Deborah Lipstadt’s momentous courtroom victory over David Irving is one of those great moments in legal history when truth, justice, and freedom of speech are all simultaneously served. Truth does not, of course, need a judicial imprimatur to be validated. Regardless of what any court might rule, David Irving’s denial of the Holocaust will always be a lie and Deborah Lipstadt’s exposure of Irving’s lies will always be the truth. Justice, on the other hand, is not nearly as absolute and uninfluenced by human evaluation as is truth. Justice is often in the eye of the beholder, since it is a function of perception, attitudes, experience, education, and values. The great American judge Oliver Wendell Holmes Jr. once scolded his law clerk for complaining that a particular legal decision was not “just.” “Our job,” Holmes told his clerk, “is not to do justice; it is to apply the law.” How much better it is, however, when justice is done by applying the law, as occurred in this case.

Truth and justice are sometimes served only by compromising freedom of speech, as when nations ban Holocaust denial speech, racist speech, sexist speech, or other forms of bigoted falsehood. Had David Irving been the defendant in a case seeking to censor his lies, and had he lost, it might be argued that the loss compromised principles of free speech. But Irving was the plaintiff here.
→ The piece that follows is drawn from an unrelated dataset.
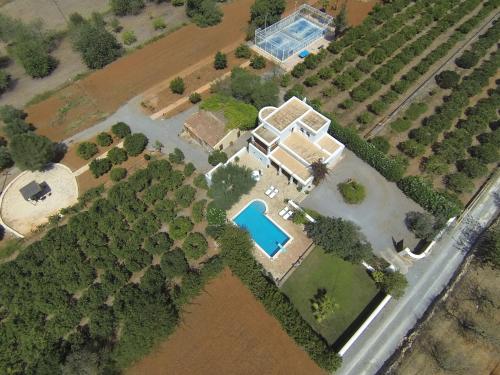 an aerial view of a house with a swimming pool at Can Gat in Sant Carles de Peralta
It was he who was trying to censor Lipstadt’s truth by suing her for defamation. Had he won, it would have been a defeat for truth, justice, and free speech. Thankfully, he lost—and he lost resoundingly and unambiguously. Truth, justice, and free speech won, and won big. Yet “some journalists called the verdict “a blow to free speech.”1 This is an absurd conclusion. Freedom of speech includes the right to expose lies, as Lipstadt did. It does not grant immunity from criticism to bigots like Irving. The marketplace of ideas must be open to all, not just neo-Nazis. Indeed, one reason why false and offensive speech is permitted in most liberal democracies is precisely because the best answer to bad speech is good speech, rather than censorship. Absent an opportunity to respond to the falsehoods spread by the likes of Irving, it would be more difficult to make the case for permitting racist liars to pollute the marketplace of ideas. Indeed, before Irving lost his case, several publishers had refused to issue books critical of Irving, out of fear of his bringing expensive and time-consuming lawsuits. That was a chilling of free speech. The chill was thawed by Lipstadt’s victory for freedom of speech.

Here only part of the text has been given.